Acrescentando de seguida: «Mas a verdade é que o fez. Ao tê-lo feito não está a assumir uma obrigação de terceiro, nem a fazer um pagamento por conta de outrem. Está actuar, de forma automática, dentro da normalidade do mercado de transação de títulos, não dispondo de informação que levasse a concluir que o emitente não procederia ao pagamento na data de maturidade.
Ao aperceber-se de que o emitente não procedeu ao pagamento fez o estorno do movimento (…).»
Porém, quando analisou a nulidade aposta pelos Autores à cláusula 8.9 das Condições Gerais da Conta de Valores, por ser contrária ao princípio da boa-fé, e, consequentemente, absolutamente proibida ao abrigo dos artigos 15.º e 21.º da Lei das Cláusulas Contratuais Gerais, considerou que essa nulidade não se verifica, e concluiu:
«A obrigação assumida é como se disse a guarda e a restituição dos fundos. Mas se houve um erro, um, lapso, uma circunstância que levou o Banco a fazer um crédito indevido, o normal, o que é proporcional, é que esse erro ou lapso possa ser emendado, e não deva ser aproveitado pelo depositante.

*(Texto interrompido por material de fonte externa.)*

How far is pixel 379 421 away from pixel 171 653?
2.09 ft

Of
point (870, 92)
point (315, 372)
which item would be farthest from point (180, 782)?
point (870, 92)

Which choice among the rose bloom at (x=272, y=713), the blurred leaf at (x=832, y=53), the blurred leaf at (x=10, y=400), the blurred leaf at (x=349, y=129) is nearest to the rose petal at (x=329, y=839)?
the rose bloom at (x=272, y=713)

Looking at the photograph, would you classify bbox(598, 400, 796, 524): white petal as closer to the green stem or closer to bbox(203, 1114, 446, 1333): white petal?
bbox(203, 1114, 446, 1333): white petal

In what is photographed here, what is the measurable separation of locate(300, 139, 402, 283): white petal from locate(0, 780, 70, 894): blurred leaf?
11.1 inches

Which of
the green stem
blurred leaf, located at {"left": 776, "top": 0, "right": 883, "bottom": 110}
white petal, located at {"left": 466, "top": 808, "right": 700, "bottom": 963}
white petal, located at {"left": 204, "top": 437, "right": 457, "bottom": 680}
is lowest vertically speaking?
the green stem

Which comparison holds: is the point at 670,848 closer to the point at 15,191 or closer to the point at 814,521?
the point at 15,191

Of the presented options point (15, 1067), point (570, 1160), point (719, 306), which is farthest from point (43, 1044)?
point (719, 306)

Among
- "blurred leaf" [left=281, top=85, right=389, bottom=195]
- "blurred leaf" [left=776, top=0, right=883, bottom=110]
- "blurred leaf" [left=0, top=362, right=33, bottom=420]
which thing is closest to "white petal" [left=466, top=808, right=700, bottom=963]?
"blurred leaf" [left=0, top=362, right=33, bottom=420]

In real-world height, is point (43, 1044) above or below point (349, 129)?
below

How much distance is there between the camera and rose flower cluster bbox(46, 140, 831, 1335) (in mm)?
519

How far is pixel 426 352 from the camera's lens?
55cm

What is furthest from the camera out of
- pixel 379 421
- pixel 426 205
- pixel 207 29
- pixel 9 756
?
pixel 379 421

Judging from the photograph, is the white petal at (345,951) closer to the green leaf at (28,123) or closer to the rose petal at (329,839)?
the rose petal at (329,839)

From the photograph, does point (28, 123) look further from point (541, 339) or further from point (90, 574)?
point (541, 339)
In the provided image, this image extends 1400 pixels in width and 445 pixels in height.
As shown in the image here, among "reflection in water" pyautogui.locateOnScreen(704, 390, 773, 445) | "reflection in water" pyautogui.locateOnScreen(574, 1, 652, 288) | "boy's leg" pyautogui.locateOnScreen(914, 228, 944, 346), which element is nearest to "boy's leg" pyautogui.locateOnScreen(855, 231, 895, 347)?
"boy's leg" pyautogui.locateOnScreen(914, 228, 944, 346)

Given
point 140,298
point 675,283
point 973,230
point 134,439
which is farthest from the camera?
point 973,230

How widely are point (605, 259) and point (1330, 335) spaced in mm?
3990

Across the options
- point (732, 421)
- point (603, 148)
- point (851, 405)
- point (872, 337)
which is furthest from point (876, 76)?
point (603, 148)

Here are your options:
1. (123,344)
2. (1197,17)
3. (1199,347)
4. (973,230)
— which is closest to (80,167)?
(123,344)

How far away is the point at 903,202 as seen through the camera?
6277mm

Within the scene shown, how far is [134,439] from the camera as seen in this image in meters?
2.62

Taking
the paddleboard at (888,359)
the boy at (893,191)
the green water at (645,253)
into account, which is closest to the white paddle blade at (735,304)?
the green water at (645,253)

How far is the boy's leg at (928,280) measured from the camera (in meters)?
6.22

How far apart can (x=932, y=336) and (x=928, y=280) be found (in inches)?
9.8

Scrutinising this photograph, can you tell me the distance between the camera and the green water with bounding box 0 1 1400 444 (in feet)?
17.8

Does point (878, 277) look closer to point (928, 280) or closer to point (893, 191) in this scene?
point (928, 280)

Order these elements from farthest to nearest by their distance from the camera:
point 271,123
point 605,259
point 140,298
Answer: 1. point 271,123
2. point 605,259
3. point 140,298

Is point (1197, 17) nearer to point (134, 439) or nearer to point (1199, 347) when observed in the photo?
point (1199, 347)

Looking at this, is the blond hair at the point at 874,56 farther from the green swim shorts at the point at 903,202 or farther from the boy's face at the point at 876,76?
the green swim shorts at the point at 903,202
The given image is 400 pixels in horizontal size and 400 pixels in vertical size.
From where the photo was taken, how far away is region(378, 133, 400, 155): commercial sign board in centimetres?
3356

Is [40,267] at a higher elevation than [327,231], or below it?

Face ao exposto, e tal como está redigida a cláusula 8.9 entendemos que não enferma de qualquer nulidade, pelo que o estorno feito com fundamento na mesma é legal, pelo que também como este fundamento a acção terá que improceder.» (sublinhado nosso)
É patente que existe um desacerto nesta conclusão, pois a mesma não se ancora na decisão de facto, que omite totalmente a questão do estorno ter sido feito com base em erro operacional ou de processamento, retificado ao abrigo da dita cláusula contratual.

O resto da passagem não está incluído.